Let me zoom in one time. Your risk or your stop placement would at least be below this last low, and that sits down around 0.9347 if you were to take a buy. Underneath there would be your stop if you take a buy. On the sell side, I don’t think it’s much different. I think you’re probably going above this little area of congestion right here. You’re probably going somewhere right around the 0.9400-level if you decide to take a sell. So, you could evaluate your risk. You could evaluate your potential reward. Buy’s reward back to the blue zone. Sell’s reward is back down towards the orange-shaded area.
Now, the Forex Black Book does point to a little bearish trend here. We’ve seen it’s been going down for the past several days.

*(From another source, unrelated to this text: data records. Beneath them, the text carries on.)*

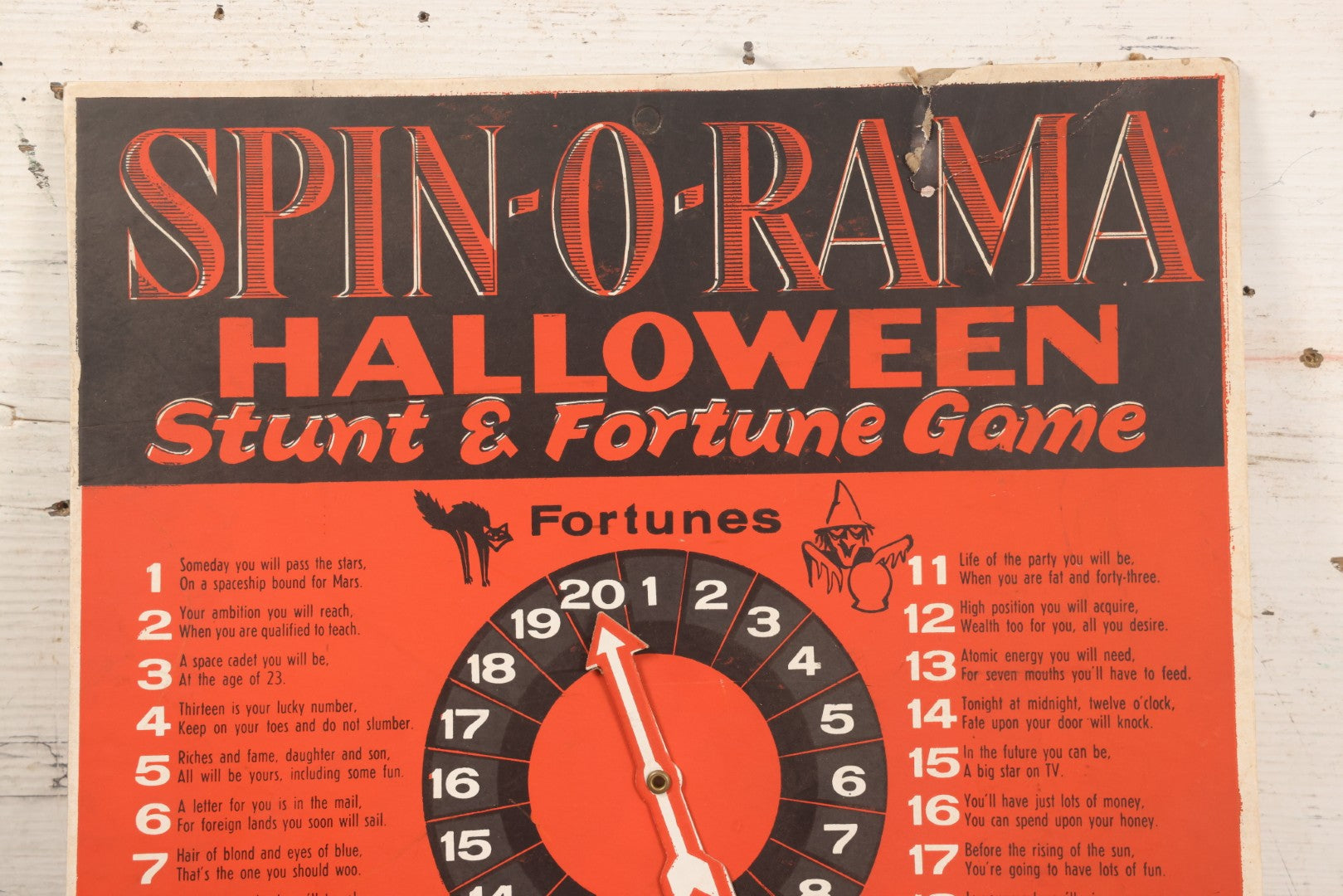 Lot 025 - Vintage Spin-O-Rama Halloween Stunt And Fortune Game By Beistle With Witch, Black Cat, And Jack-O-Lantern J.O.L. Graphics, Made In U.S.A.., 12-3/8" x 18-3/8"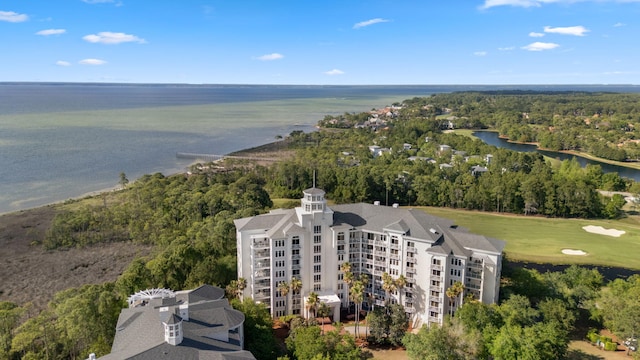 aerial view of a nearby body of water and apartment complex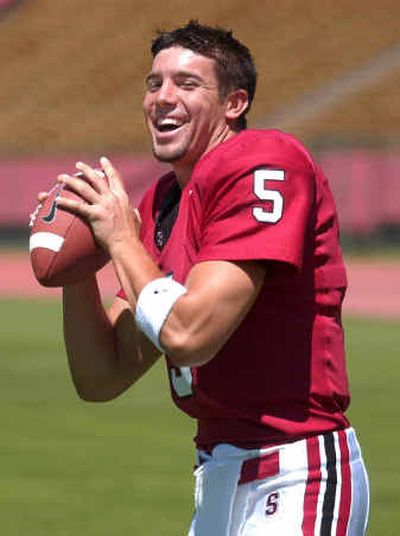 Stanford quarterback Trent Edwards has more to smile about this season after an uneven 2003 showing with the Cardinal.
(Associated Press / The Spokesman-Review)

The Forex Black Book is red. So, if you’re going to trade based on the Forex Black Book trend direction, which is a fine indicator to use for trend bias, then you’re looking for a new red arrow. The last red arrow we see here for the currency pair popped up here. We saw a fall of about 35 to 40 pips. Nothing extraordinary, but it did fall from that red arrow. If we get another red arrow, of course that would indicate the momentum is shifting once again back to the downside.
If we don’t get a red arrow, it could be that the market is trying to break through 0.9375 and go higher. So, staying under the red trend – in fact, I could move this red trend line around a little bit. Let’s see what it looks like if I take it to this spike high. It does indicate there’s a little bit more room to go up. I just put it high to high. If I put it exactly on the wick high here, you could see there is a little bit more room to go in towards the 0.9390-level. I don’t think that’s significant. I think it’s more significant doing something like this because you could see more instances where the market challenges that red trend line.
So, right now 0.9375 is your main area to focus in on. If you’re selling this is the spot to do it. If you’re buying, looking for the breakout above 0.9375 for the continuation towards the blue zone for the AUDUSD today.